__INPUT RECORDS__.

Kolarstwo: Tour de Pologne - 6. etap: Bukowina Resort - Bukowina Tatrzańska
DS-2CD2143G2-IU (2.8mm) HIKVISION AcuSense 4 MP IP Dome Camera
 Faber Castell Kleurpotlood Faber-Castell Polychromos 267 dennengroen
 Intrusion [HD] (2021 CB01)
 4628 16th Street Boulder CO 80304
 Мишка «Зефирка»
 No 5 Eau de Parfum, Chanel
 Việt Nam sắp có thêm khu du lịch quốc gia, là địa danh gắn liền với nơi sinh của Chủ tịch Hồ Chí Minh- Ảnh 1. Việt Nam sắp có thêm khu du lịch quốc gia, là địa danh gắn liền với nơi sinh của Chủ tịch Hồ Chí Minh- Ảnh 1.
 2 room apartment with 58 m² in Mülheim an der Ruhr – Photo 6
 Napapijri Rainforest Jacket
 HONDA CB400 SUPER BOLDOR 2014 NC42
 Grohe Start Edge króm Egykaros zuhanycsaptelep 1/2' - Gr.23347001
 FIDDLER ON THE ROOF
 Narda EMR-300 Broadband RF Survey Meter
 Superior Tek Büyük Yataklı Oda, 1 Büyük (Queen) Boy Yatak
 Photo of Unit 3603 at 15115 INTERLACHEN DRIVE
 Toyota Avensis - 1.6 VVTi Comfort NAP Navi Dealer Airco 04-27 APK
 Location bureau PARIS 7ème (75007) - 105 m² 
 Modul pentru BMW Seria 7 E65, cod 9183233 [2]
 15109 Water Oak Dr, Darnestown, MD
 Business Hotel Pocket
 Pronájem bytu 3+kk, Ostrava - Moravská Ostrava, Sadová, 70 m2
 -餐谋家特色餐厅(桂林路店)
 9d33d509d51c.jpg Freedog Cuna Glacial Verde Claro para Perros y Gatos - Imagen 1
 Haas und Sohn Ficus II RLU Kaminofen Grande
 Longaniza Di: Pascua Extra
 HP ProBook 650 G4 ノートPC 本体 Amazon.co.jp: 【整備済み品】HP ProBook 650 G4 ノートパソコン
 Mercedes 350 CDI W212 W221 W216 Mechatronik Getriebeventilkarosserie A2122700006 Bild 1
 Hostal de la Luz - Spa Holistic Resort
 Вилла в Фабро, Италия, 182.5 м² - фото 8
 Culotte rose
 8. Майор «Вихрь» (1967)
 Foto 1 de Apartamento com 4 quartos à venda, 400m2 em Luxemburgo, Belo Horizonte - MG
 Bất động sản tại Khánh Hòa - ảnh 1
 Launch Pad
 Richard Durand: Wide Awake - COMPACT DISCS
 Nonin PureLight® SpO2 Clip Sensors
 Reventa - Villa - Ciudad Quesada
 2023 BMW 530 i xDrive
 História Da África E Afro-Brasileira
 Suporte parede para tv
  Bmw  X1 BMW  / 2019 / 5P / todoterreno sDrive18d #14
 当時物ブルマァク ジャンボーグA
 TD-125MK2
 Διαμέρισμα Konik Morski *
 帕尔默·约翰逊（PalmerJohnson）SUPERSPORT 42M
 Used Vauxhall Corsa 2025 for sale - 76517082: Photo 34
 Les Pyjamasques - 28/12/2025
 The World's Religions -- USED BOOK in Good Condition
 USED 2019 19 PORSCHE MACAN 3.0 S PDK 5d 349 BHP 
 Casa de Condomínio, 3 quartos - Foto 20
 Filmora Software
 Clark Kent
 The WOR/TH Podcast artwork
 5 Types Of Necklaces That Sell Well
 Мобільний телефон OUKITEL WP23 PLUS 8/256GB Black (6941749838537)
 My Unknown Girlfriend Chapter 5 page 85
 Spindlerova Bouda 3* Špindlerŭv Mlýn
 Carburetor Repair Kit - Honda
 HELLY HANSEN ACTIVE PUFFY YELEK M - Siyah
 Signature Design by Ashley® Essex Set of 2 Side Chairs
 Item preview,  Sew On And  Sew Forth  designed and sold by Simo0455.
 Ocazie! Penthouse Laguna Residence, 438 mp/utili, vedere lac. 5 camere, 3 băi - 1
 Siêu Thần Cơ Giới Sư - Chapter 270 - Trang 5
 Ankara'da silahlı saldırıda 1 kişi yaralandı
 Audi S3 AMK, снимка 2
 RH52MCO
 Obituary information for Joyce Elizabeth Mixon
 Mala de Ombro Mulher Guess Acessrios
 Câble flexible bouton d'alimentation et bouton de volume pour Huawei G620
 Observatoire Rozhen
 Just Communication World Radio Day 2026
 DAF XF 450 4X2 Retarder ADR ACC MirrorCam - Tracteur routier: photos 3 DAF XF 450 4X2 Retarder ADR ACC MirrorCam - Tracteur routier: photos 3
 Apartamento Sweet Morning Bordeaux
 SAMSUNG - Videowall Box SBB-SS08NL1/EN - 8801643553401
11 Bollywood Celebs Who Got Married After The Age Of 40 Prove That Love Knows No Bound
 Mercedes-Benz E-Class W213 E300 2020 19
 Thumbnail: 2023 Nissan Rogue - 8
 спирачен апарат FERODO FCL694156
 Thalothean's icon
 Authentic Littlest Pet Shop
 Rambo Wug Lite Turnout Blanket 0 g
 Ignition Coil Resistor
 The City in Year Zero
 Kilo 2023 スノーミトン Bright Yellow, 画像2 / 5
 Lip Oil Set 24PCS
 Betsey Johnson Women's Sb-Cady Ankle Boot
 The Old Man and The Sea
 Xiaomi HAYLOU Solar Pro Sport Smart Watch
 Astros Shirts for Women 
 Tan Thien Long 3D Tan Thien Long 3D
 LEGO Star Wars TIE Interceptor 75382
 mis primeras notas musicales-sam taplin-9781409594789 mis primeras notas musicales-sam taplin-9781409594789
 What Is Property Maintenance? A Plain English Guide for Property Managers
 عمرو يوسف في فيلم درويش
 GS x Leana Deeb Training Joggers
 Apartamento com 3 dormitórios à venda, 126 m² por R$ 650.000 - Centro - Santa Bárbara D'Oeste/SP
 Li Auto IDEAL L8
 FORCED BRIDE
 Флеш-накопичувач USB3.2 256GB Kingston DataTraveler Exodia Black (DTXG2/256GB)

__YOUR OBJECTIVE__. Tally every line of the entries that contains the word "Women", and respond with that number only.

__TASK ANSWER__. 2